═════ THE RECORDS

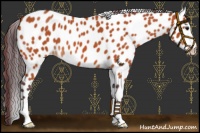 Horse Color:Chocolate Bay Roan Leopard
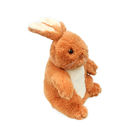 18cm Electric Rabbit Plush Toy With Record Function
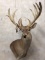 Whitetail Wall Pedestal in Velvet w/Several Drop Tines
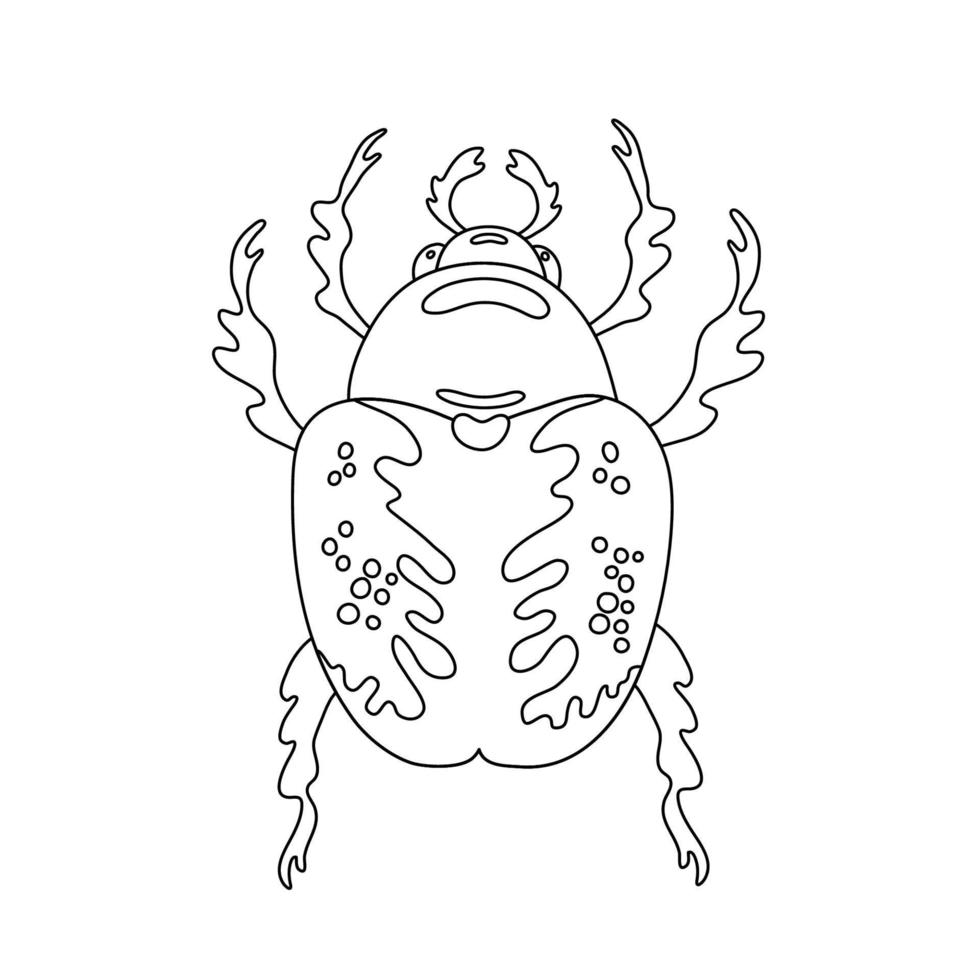 Exotic insect bug beetle. Tropical flying insect line art vector hand drawn isolated illustration. Stylized mystical design element for tattoo, print, cover, book, coloring page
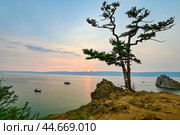Дерево желаний на мысе Бурхан острова Ольхон на Байкале. Стоковое фото, фотограф Александр Тараканов / Фотобанк Лори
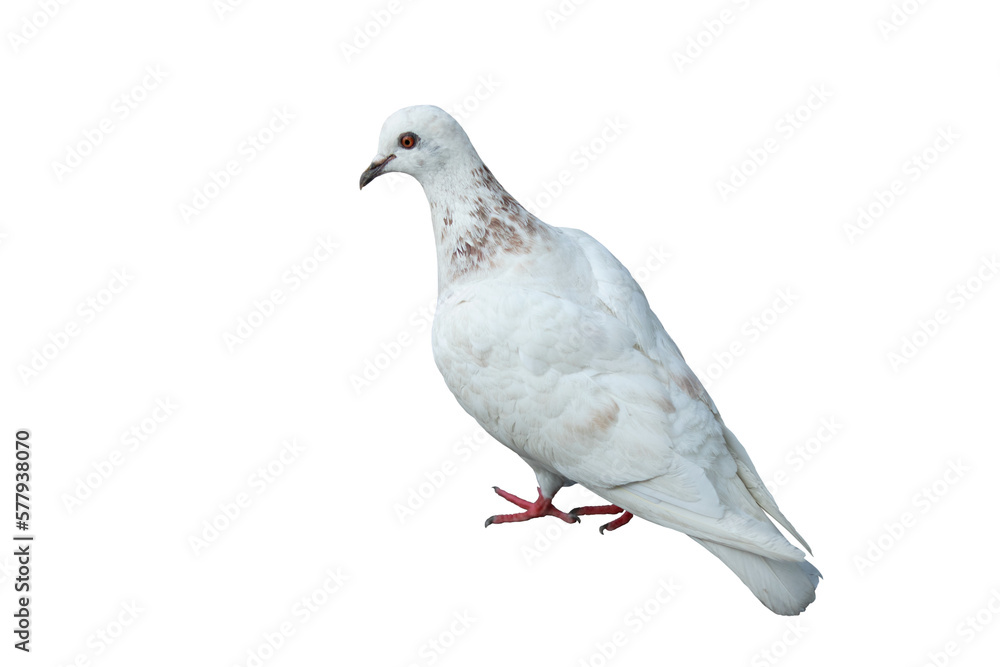 Obraz premium White pigeon on transparent background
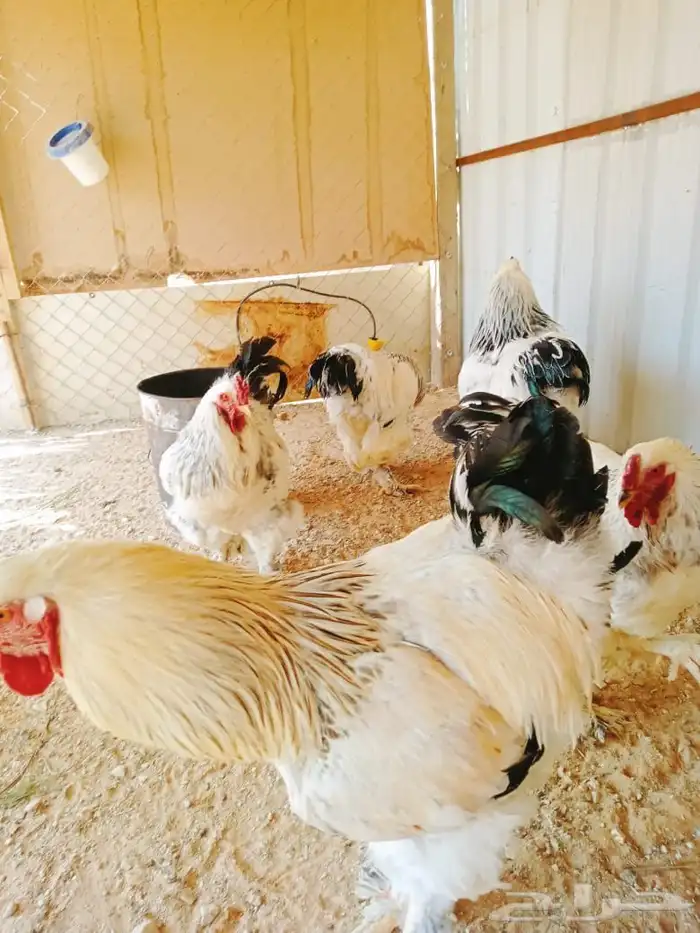 براهما كولمبي ديوك 1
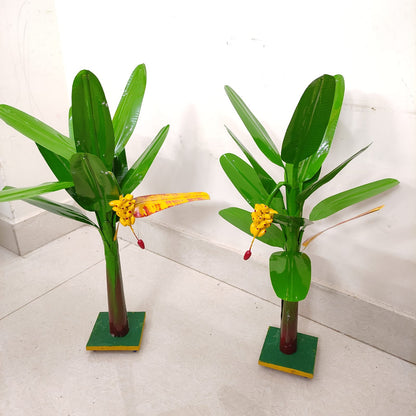 Plantain Tree, Banana Tree - Pair - BT04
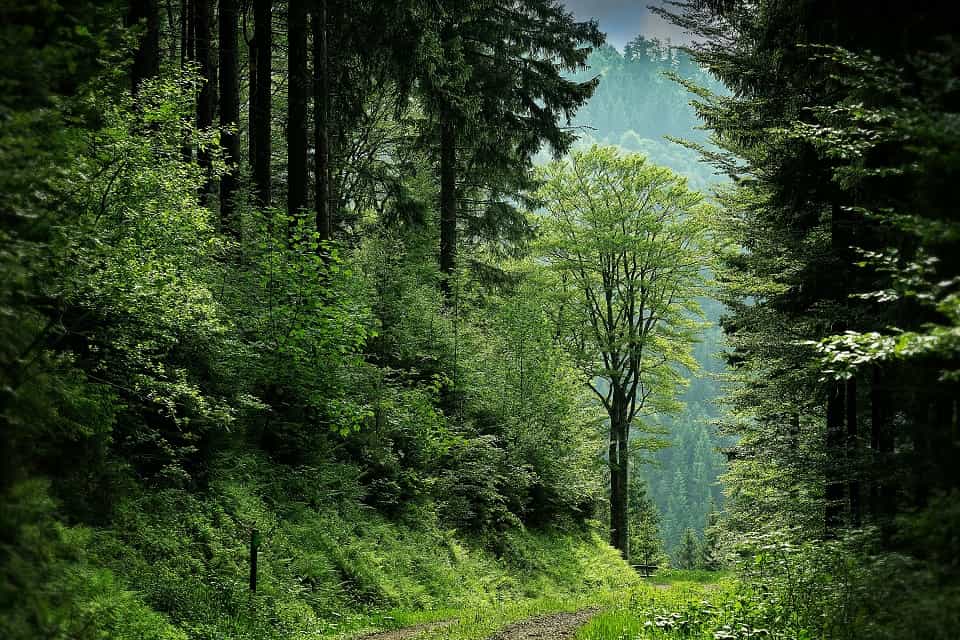 Une forêt luxuriante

══════════

• [INSTRUCTIONS TO FOLLOW]: Your output should consist solely of the lines from the line containing "براهما كولمبي ديوك 1" through the last line of the entries, verbatim, minus any pictures.

• [WRITTEN RESPONSE]:
 براهما كولمبي ديوك 1
 Plantain Tree, Banana Tree - Pair - BT04
 Une forêt luxuriante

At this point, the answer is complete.